Re-create your first date.

Take an evening stroll and gaze up at the stars

Get up early and clean the house. We promise your partner will love it.

Have a Spa Day at home – bubble bath and face mask, included!


To read the rest of the tips, *click here:*


----------



## EleGirl (Dec 3, 2011)

I love this..... So much better than a box of candy!


----------



## john117 (May 20, 2013)

I bought myself two expensive gifts, lots of chocolate for my daughters, cat treats for Mies... I feel I'm forgetting someone


----------



## EllaSuaveterre (Oct 2, 2016)

john117 said:


> I bought myself two expensive gifts, lots of chocolate for my daughters, cat treats for Mies... I feel I'm forgetting someone


You don't buy valentine's gifts for yourself, silly!! You buy them for your wife! And she'll buy you your own! :grin2:


----------



## jb02157 (Apr 16, 2014)

If you have a spouse that does things like this for you, great. I you don't it's just another day you're expected to do something and really don't care.


----------



## john117 (May 20, 2013)

EllaSuaveterre said:


> You don't buy valentine's gifts for yourself, silly!! You buy them for your wife! And she'll buy you your own! :grin2:


The chance that she will buy me an Onkyo high end home theater receiver is about the same as her getting in the mood on Valentine's day or me buying her something nice.


----------



## EllaSuaveterre (Oct 2, 2016)

john117 said:


> The chance that she will buy me an Onkyo high end home theater receiver is about the same as her getting in the mood on Valentine's day or me buying her something nice.

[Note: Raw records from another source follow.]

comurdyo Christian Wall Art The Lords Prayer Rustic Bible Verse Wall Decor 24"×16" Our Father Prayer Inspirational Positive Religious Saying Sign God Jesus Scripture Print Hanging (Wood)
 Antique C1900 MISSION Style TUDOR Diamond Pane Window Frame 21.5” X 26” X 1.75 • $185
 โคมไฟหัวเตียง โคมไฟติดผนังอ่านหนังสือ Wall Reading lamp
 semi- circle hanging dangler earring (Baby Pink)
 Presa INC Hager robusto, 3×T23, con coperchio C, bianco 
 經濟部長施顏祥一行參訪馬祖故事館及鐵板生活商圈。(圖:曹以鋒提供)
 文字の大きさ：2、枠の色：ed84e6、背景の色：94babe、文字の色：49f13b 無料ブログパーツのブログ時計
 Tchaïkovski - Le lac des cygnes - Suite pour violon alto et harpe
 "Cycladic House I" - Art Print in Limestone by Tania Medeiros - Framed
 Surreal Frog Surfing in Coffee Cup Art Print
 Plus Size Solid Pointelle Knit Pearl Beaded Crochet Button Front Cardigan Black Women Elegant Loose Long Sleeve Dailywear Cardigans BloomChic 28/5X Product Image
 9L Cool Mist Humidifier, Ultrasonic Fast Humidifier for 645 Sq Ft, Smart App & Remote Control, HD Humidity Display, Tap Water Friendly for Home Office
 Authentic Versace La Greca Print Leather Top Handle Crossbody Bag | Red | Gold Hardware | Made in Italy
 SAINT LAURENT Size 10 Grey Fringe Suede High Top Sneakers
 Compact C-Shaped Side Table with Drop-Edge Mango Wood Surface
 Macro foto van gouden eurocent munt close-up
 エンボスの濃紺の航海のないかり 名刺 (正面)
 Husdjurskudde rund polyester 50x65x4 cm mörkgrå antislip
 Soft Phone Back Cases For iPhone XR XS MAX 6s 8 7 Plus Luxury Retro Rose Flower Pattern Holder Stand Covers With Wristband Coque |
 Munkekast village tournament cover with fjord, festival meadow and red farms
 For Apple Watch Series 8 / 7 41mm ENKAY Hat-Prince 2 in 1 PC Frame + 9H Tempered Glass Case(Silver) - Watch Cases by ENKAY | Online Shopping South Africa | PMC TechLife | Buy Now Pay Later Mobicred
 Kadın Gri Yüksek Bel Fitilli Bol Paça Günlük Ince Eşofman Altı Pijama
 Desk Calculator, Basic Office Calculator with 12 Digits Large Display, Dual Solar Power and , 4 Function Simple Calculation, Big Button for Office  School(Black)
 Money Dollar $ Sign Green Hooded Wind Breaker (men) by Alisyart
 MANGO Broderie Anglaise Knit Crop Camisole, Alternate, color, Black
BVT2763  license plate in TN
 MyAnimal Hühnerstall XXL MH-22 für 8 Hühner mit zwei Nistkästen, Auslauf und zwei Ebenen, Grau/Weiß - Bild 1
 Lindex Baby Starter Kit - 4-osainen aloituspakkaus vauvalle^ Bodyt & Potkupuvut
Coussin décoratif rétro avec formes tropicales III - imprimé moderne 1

I'm so sorry. Maybe if you got the ball rolling with a little card, a flower, a bar of chocolate... she'd reciprocate?


----------



## arbitrator (Feb 13, 2012)

EllaSuaveterre said:


> *You don't buy Valentine's gifts for yourself, silly!!* You buy them for your wife! And she'll buy you your own! :grin2:


*I'm living proof that you do, more especially if you don't have a Valentine to buy those gifts for!*


----------



## Diana7 (Apr 19, 2016)

Its just another day that is so commercial. 
The best thing my husband can do for me is to write some nice words in a card or note. The card itself doesn't interest me, nor would a gift. Its the words that I love and keep and treasure.
I have made him a card this year.:smile2:
I refuse to go along with the money making aspect of it and I feel for those who have no one.:frown2:


----------



## john117 (May 20, 2013)

EllaSuaveterre said:


> I'm so sorry. Maybe if you got the ball rolling with a little card, a flower, a bar of chocolate... she'd reciprocate?


Nope.

Card - waste of money (will throw away)
Flowers - waste of money (buy house plant or landscaping plant)
Chocolate - waste of money (will put in fridge till expiration date)

It felt a lot better spending $45 on a bottle of wine for She Who Is Available And To My Liking. You learn a lot about a person when you share a calamari appetizer and observe what's her favorite parts (itty bitty tentacles)

Maybe...


----------



## john117 (May 20, 2013)

arbitrator said:


> *I'm living proof that you do, more especially if you don't have a Valentine to buy those gifts for!*


Arb, this year I outdid myself romantically. In addition to the Onkyo TX NR-757 receiver I bought myself a new sump pump and computer controller. 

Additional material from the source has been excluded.